** Data extract follows **

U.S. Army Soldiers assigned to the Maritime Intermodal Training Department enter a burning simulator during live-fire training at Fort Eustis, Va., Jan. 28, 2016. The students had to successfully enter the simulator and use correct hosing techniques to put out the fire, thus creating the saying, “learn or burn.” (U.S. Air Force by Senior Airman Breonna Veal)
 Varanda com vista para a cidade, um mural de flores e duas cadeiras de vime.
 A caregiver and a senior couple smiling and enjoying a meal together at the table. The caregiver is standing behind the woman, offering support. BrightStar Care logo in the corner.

** End of Data extract **

Work task: Starting at the line that contains "Varanda com vista", output each remaining line of the listing, the last line included, exactly as it appears.

The answer:
 Varanda com vista para a cidade, um mural de flores e duas cadeiras de vime.
 A caregiver and a senior couple smiling and enjoying a meal together at the table. The caregiver is standing behind the woman, offering support. BrightStar Care logo in the corner.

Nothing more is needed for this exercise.